В этом смысле ЛаВей зависит от других людей, чтобы получить картину или оценку своей деятельности, которую он не может — не хочет — не в состоянии дать сам. Два самых искренних сторонника ЛаВея — это его собственные дочери, Карла и Зина. Карла, стройная красавица с иссиня-черными волосами, выступает с лекциями о сатанизме с начала 1970-х годов, во всем мире она уже давно стала героиней фотосессий, фантазий и эротических фиксаций. Зина, блондинка с мучительно волнующей фигурой, взяла на себя большую часть ответственности за внешние связи Церкви: в последнее время она представляла организацию в национальных теле- и радиошоу. Как совершенно законченная обольстительница, Зина написала предисловие к книге ЛаВея «Сатанинская ведьма». И Карла и Зина используют свои уникальные чары, чтобы расширить сферу влияния ЛаВея не только среди динамичных молодых новаторов, но и среди людей, уже близких к власти. Сын Зины, Стэнтон Захарофф, который родился в 1978 году во время одного из самых жутких ураганов в истории Сан-Франциско, уже демонстрирует решительный и независимый дух — он сам взялся читать «Сатанинскую Библию» и при каждом удобном случае стремится получить личный урок у деда. У всех троих характерные глаза и циничный ум ЛаВея. Хотя Верховный Священник ценит признание и поддержку, на табличке, стоящей на его рабочем столе, отражено характерное для него опасение, касающееся слишком увлекающихся типов: «Остерегайтесь тех, кто падает к вашим ногам: они могут тянуться к углу ковра».[63] Но больше всего он не любит тех, кто норовит погреться в лучах его славы или ворует его идеи, претендуя на оригинальность или откровение, — в лучшем случае он с ворчливым недовольством признает сам факт их существования.

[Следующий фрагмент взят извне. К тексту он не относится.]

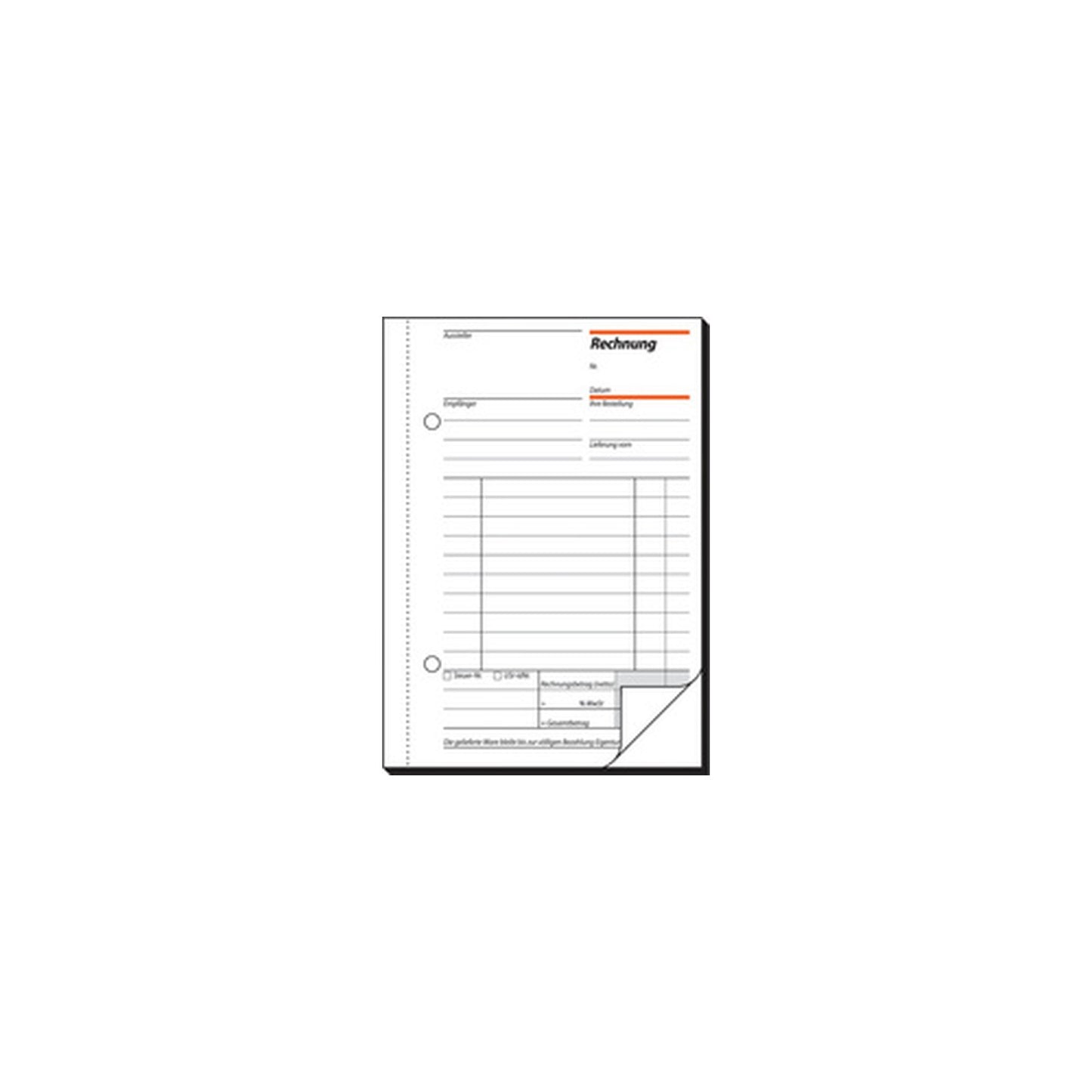 sigel Formularbuch "Rechnung", A6, 2 x 40 Blatt, SD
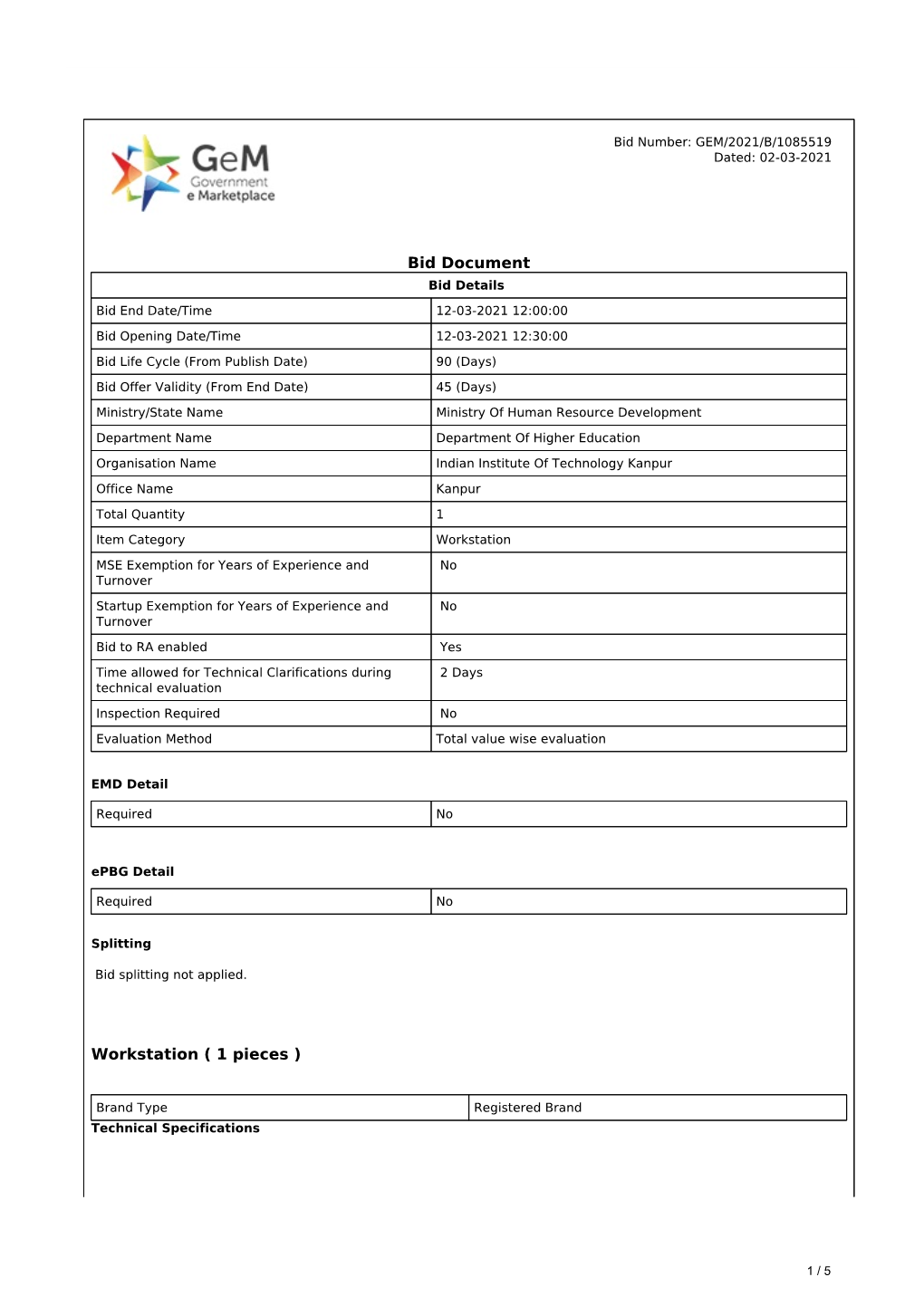 Bid Document Workstation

Последние несколько лет ЛаВея обвиняли в том, что с ним невозможно встретиться, он почти не дает интервью, даже когда предлагаемые гонорары за съемки достигают шестизначных сумм. Телекомпании предлагали по 10 тысяч долларов тем, кто мог помочь снять на пленку интервью с ЛаВеем. В свете этих отказов, слухи о плохом здоровье, смерти или передаче бразд правления в Церкви Сатаны дочерям его не удивляют. «Когда я думаю о том, как много раз я играл со смертью, я понимаю, что, наверное, был сумасшедшим. Я ведь мог и пораниться. Когда мне было 16 лет, я не ожидал, что доживу до 21. Потом я подумал, что вряд ли дотяну до 30. У меня всегда было такое чувство, что прямо за углом рядом со мной всегда была моя смерть.